Диадема взволнована. Когда они едут в машине, она буквально подпрыгивает на сидении, едва заметно, но все же. Ее состояние очевидно по румянцу на щеках, который отнюдь не от румян, по оживленной жестикуляции. Цинна улыбается, наблюдая за ней. Ее живость и непосредственность для него - глоток воздуха. Диадема из тех людей, кто любит поболтать, но, болтая, принимает и понимает его собственную неразговорчивость, с которой он ничего не может поделать. Она не обижается, она просто знает, что он такой.
Она привозит его в собственный дом. Да, этот дом далек от того, что был в Деревне Победителей в 12-м, где он готовил платье для Китнисс. Здесь полно света, это почти что королевские залы. Множество зеркал, ламп, пространства.
- Да, это подойдет, - соглашается Цинна, жестом указывая своим помощникам, где ставить манекен и где положить сверток с платьем. Когда все готово, лишние люди удаляются.
Диадеме не терпится увидеть то, в чем она предстанет перед женихом и всем Панемом заодно, поэтому нет смысла откладывать презентацию. Признаться, Цинне и самом не терпится увидеть ее реакцию. Она так внимательно следила за работой, участвовала в выборе фасона, ткани, кроя.
Легким жестом он расчехляет обертку - множество ткани, бумаги, небрежным жестом поднимает платье, встряхивая.

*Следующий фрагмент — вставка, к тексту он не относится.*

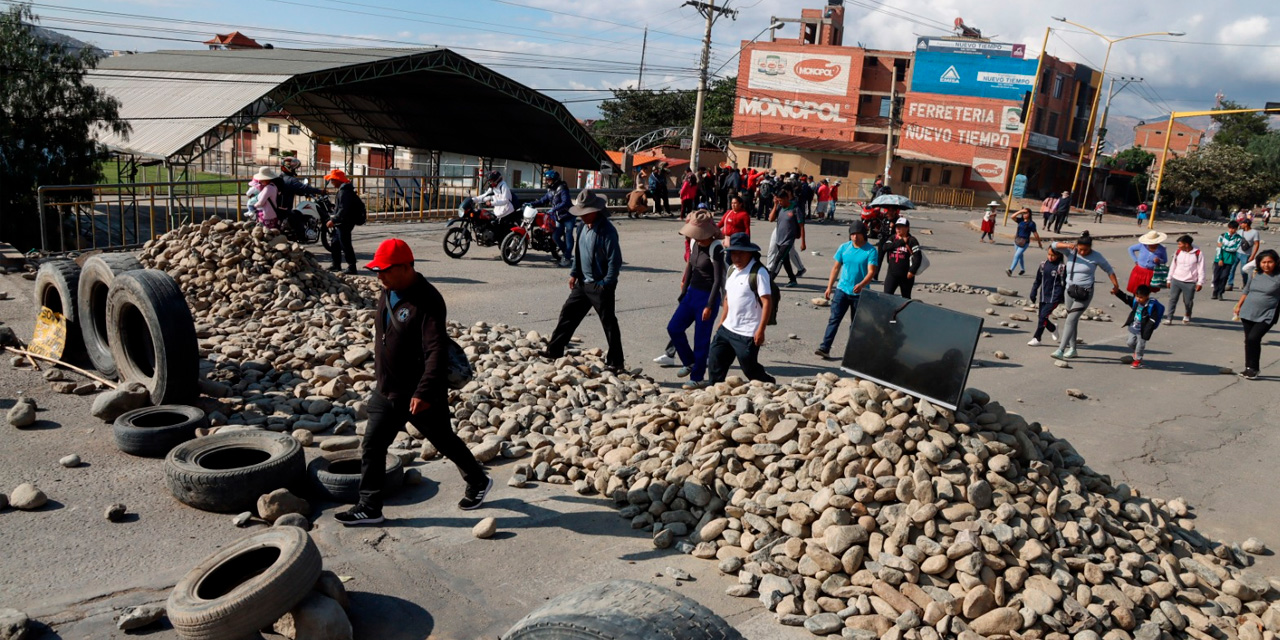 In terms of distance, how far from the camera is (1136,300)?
38.4 ft

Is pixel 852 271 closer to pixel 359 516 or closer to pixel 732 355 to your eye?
pixel 732 355

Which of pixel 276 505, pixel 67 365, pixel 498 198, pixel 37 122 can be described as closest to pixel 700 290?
pixel 276 505

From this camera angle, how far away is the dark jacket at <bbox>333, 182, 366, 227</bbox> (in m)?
13.1

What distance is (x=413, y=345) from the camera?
5.09m

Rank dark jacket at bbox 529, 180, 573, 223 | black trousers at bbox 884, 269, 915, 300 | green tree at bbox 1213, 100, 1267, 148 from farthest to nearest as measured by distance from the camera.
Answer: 1. green tree at bbox 1213, 100, 1267, 148
2. dark jacket at bbox 529, 180, 573, 223
3. black trousers at bbox 884, 269, 915, 300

Такое обхождение может позволить себе только мастер, но, впрочем, на самом деле о небрежности не идет речи. Эта встряска необходима, чтобы расправился сложного кроя и состава подол. Конечно, любое платье принимает отличную форму на манекене и превосходную - на той, для которой оно предназначено.

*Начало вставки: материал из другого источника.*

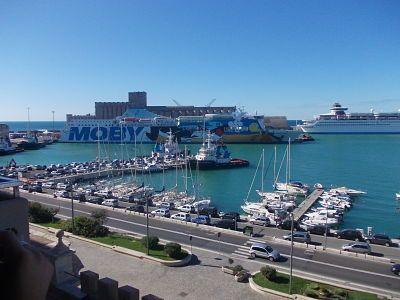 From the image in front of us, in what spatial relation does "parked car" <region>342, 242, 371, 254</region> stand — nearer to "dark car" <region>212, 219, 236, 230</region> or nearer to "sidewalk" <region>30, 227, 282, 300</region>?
"sidewalk" <region>30, 227, 282, 300</region>

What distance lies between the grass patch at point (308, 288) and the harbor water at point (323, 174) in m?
13.0

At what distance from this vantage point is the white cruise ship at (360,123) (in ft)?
301

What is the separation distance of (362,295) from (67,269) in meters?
8.11

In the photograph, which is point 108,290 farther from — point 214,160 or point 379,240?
point 214,160

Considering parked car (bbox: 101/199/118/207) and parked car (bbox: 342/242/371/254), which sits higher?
parked car (bbox: 342/242/371/254)

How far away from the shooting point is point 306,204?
26.9m

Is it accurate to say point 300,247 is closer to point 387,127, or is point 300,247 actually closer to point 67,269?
point 67,269

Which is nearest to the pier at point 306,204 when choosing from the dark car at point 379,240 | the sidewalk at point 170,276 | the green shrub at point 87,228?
the dark car at point 379,240

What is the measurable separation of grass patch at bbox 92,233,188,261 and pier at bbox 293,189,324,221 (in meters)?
12.0

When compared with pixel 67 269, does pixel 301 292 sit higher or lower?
lower

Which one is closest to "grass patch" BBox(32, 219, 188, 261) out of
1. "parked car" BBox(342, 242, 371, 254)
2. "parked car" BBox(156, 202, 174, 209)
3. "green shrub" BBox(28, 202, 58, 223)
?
"green shrub" BBox(28, 202, 58, 223)

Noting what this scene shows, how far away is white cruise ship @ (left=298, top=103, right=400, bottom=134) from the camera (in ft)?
301

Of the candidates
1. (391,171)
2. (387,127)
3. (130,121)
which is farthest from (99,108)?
(391,171)

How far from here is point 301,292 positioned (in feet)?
Result: 33.0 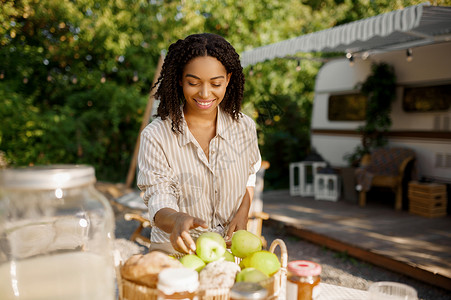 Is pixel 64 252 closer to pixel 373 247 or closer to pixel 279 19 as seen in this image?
pixel 373 247

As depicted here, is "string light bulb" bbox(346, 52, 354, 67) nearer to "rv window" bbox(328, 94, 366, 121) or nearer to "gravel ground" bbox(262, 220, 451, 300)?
"rv window" bbox(328, 94, 366, 121)

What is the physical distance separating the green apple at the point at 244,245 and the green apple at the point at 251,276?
0.19m

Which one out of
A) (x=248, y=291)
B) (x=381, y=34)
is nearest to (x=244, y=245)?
(x=248, y=291)

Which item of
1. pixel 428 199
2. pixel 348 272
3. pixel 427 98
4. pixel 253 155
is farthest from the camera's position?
pixel 427 98

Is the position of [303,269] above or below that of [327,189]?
above

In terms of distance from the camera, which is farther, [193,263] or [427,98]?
[427,98]

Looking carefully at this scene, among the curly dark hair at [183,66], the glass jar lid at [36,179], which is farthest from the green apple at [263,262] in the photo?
the curly dark hair at [183,66]

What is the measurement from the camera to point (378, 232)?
499cm

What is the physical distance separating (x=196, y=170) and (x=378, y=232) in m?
4.09

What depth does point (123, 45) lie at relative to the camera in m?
8.25

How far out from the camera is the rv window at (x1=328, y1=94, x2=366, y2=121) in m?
7.77

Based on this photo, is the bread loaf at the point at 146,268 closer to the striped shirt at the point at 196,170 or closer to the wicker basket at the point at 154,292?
the wicker basket at the point at 154,292

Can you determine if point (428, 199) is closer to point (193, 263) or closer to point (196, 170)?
point (196, 170)

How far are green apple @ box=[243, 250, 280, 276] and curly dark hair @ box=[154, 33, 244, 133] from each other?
732 millimetres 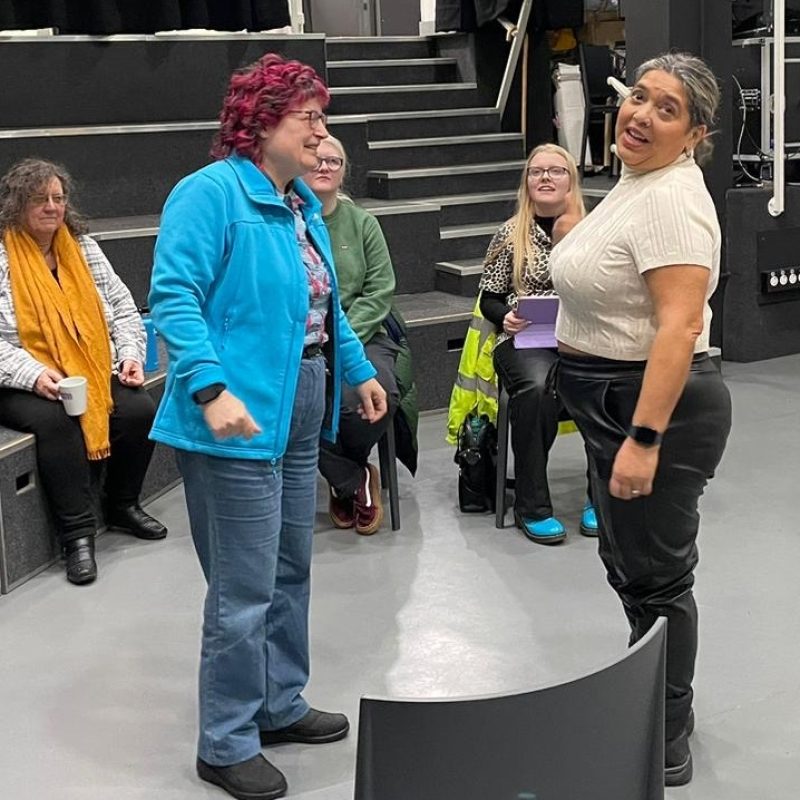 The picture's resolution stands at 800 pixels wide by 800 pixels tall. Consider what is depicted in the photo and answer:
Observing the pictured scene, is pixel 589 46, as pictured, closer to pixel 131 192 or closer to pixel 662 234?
pixel 131 192

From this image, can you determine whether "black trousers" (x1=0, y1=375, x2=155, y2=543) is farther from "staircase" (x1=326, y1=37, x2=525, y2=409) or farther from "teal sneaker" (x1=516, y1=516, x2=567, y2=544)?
"staircase" (x1=326, y1=37, x2=525, y2=409)

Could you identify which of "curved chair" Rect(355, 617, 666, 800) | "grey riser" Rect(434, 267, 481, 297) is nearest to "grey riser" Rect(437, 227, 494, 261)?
"grey riser" Rect(434, 267, 481, 297)

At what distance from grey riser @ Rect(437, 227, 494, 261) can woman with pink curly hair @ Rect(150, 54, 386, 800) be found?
3.19m

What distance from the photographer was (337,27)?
889 centimetres

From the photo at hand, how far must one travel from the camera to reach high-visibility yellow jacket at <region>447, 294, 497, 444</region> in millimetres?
3711

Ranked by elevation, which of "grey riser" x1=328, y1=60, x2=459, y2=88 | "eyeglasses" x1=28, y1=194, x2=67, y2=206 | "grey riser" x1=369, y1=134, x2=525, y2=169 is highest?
"grey riser" x1=328, y1=60, x2=459, y2=88

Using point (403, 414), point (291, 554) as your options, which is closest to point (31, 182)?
point (403, 414)

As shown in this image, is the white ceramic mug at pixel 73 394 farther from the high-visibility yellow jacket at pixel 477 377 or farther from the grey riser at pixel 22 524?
the high-visibility yellow jacket at pixel 477 377

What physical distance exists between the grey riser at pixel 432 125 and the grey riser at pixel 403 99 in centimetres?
24

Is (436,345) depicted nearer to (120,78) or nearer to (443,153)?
(443,153)

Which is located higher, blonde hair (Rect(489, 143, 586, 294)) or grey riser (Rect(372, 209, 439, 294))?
blonde hair (Rect(489, 143, 586, 294))

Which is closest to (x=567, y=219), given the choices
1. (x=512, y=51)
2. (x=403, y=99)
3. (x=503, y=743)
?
(x=503, y=743)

Держа наряд на руках, Цинна улыбается Диадеме. На ее лице блестят блики камней, расшитых на корсете драгоценной россыпью. Ткань платья не чисто белоснежна, а едва уловимого глазу кремового оттенка. И весит оно достаточно за счет множества юбок и драгоценностей, но не не настолько, чтобы стать для невесты мукой.
- Ну как? Готова примерить? Или в топку? - бровь вопросительно взлетают вверх. Диадема застыла на месте, изучая заказ, и Цинна возвращает ее на землю.